PROBLEM TO WORK ON:
Go through the entries below and copy every line that holds the word "with".

━━━━━ GIVEN RECORDS

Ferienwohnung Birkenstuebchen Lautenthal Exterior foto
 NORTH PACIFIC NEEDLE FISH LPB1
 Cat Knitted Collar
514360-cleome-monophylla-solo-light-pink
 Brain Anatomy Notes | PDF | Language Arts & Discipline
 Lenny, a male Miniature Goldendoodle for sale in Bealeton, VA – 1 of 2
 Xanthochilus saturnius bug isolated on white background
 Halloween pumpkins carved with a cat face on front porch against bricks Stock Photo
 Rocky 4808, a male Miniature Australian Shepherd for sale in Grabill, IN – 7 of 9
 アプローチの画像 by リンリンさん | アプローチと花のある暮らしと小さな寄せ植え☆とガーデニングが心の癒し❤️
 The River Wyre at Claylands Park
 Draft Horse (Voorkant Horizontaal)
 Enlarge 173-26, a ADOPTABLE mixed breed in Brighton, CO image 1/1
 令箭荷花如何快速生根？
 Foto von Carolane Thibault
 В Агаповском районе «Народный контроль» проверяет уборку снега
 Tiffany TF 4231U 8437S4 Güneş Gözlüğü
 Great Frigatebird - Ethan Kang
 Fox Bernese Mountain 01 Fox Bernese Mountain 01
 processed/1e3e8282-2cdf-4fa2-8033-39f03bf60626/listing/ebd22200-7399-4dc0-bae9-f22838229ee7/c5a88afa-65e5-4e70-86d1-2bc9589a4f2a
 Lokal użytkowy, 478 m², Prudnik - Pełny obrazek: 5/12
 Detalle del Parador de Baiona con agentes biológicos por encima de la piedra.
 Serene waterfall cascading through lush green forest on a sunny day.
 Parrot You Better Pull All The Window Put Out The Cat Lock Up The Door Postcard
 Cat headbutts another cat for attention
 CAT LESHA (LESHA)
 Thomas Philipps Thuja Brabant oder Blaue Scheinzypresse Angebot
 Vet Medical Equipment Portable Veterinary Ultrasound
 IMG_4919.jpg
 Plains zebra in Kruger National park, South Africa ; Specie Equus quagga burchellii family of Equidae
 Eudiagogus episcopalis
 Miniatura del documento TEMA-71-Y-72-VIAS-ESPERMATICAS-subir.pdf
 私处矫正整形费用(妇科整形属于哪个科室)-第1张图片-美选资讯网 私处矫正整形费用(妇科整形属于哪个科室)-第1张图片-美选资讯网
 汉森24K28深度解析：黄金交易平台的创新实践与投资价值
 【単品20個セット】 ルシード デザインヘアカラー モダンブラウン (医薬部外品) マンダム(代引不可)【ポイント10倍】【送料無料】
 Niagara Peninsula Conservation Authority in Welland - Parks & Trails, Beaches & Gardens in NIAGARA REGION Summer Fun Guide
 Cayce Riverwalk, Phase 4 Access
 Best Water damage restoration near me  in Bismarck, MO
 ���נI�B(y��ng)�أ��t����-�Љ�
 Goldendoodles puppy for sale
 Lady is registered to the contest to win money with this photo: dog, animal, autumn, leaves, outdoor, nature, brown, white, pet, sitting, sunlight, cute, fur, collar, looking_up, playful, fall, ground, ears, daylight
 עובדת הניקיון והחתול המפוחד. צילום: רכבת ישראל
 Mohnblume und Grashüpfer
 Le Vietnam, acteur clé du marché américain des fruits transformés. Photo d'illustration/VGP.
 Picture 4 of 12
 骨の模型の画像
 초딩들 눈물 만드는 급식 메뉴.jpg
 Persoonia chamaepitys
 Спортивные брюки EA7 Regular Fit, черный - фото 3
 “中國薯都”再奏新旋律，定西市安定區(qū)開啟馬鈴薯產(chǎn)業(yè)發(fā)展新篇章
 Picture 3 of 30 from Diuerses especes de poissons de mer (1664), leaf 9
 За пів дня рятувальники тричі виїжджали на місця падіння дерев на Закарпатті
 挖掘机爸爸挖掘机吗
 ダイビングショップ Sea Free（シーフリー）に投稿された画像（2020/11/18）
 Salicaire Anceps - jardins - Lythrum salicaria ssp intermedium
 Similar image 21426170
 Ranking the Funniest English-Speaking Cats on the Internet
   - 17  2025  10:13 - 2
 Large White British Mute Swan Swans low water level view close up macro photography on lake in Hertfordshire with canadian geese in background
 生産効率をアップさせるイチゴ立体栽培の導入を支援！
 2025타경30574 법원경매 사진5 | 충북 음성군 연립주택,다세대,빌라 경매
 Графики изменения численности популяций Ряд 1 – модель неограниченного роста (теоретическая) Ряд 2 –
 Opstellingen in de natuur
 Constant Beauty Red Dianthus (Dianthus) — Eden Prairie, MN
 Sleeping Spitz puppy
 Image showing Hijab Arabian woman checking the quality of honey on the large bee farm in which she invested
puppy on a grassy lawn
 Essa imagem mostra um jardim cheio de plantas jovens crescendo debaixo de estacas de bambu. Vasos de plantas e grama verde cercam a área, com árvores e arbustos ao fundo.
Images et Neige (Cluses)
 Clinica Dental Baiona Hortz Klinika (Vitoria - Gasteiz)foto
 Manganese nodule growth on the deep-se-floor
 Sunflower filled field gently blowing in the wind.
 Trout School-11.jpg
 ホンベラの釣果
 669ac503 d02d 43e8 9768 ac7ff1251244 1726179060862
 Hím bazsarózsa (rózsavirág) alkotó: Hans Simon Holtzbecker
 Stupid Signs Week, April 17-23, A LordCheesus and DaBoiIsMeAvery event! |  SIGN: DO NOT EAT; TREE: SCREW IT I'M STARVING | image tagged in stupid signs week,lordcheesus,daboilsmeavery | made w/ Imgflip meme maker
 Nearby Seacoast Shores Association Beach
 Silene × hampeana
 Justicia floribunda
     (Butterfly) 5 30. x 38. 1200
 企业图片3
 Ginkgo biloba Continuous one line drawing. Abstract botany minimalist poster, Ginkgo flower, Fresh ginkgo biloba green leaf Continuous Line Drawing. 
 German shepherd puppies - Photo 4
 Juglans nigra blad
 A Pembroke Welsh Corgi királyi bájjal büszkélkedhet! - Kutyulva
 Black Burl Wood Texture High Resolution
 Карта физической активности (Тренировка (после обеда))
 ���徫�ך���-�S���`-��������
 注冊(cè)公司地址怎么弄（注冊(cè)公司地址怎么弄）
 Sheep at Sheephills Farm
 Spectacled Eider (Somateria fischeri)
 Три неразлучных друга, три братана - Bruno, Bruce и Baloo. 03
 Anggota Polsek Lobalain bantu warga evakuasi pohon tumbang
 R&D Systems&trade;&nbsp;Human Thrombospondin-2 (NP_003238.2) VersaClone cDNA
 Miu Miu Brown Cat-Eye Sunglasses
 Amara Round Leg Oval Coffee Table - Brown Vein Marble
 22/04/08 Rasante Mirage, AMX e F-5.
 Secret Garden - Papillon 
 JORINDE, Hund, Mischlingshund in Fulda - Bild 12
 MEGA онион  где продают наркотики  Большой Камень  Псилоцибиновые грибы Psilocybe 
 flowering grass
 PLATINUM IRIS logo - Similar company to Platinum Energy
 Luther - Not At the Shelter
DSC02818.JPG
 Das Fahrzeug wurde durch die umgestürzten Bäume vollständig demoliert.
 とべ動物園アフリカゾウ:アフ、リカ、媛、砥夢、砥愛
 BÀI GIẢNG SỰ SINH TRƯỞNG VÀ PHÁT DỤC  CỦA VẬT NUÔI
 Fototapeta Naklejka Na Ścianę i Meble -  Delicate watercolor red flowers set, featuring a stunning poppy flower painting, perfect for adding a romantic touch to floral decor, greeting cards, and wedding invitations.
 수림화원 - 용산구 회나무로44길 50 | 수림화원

━━━━━━━━━━

SOLUTION:
 Halloween pumpkins carved with a cat face on front porch against bricks Stock Photo
 Lady is registered to the contest to win money with this photo: dog, animal, autumn, leaves, outdoor, nature, brown, white, pet, sitting, sunlight, cute, fur, collar, looking_up, playful, fall, ground, ears, daylight
 Large White British Mute Swan Swans low water level view close up macro photography on lake in Hertfordshire with canadian geese in background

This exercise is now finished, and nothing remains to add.